And since when is a "financial institution" something which does not deal primarily in liquid assets?

Something smells pretty fishy here...

glocksman
January 3, 2004, 12:33 AM
The FBI can already go through an FFL's records by the simple expedient of asking the ATF to perform a 'compliance audit' on the FFL in question or simply having the ATF request the information from the FFL holder.

Under the law, if the ATF requests information about a firearm that is being traced, the FFL holder must comply with the request.

clubsoda22
January 3, 2004, 04:14 AM
I still can't believe people are actually thinking of re-electing this guy :rolleyes:

fallingblock
January 3, 2004, 05:40 AM
"I still can't believe people are actually thinking of re-electing this guy."
************************************************************

:D :D

clubsoda22
January 3, 2004, 07:19 AM
ever hear howard dean talk about the patriot act?

Thumper
January 3, 2004, 08:28 AM
Howard Dean slobbers over the idea of getting his hands on the keys and driving the Patriot Act around for awhile.
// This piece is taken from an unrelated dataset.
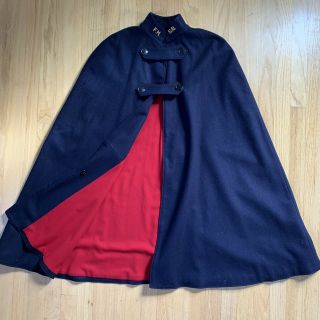 Vintage 1940s 50s Navy Blue Wool Nurses Cape Red Lining Extra Buttons And Tab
You'd probably really enjoy Dean's Attorney General.

:barf:

Too bad, Howie...none for you.

clubsoda22
January 3, 2004, 08:53 AM
Dean on the above:

I would do two things. First of all, I would remove the parts of the Patriot Act that are clearly unconstitutional. It can't be constitutional to hold an American citizen without access to a lawyer. Secondly, it can't be constitutional for the FBI to be able to go through your files at the library or the local video store, to see what you've taken out in the last week, without a warrant. The other thing I would do is appoint judges that would uphold the constitution. This President is appointing people from the far-right Federalist Society who have a different view of the constitution than most Americans. I hate to agree with anything Dick Nixon said, but Dick Nixon used to say that he wanted strict constructionists for the bench. This President is appointing right-wing judicial activists. We need strict constructionists that believe in the constitution and will uphold it as written.

TarpleyG
January 3, 2004, 08:59 AM
I would do two things. First of all, I would remove the parts of the Patriot Act that are clearly unconstitutional. It can't be constitutional to hold an American citizen without access to a lawyer. Secondly, it can't be constitutional for the FBI to be able to go through your files at the library or the local video store, to see what you've taken out in the last week, without a warrant. The other thing I would do is appoint judges that would uphold the constitution. This President is appointing people from the far-right Federalist Society who have a different view of the constitution than most Americans. I hate to agree with anything Dick Nixon said, but Dick Nixon used to say that he wanted strict constructionists for the bench. This President is appointing right-wing judicial activists. We need strict constructionists that believe in the constitution and will uphold it as written.
Yeah, and I got a bridge to sell ya.

GT

clubsoda22
January 3, 2004, 09:15 AM
you have evidence he's not telling the truth? Because i have indesputable evidence that bush wouldn't do these things, for one, his administration drafted the law. :rolleyes:

striker3
January 3, 2004, 11:46 AM
you have evidence he's not telling the truth?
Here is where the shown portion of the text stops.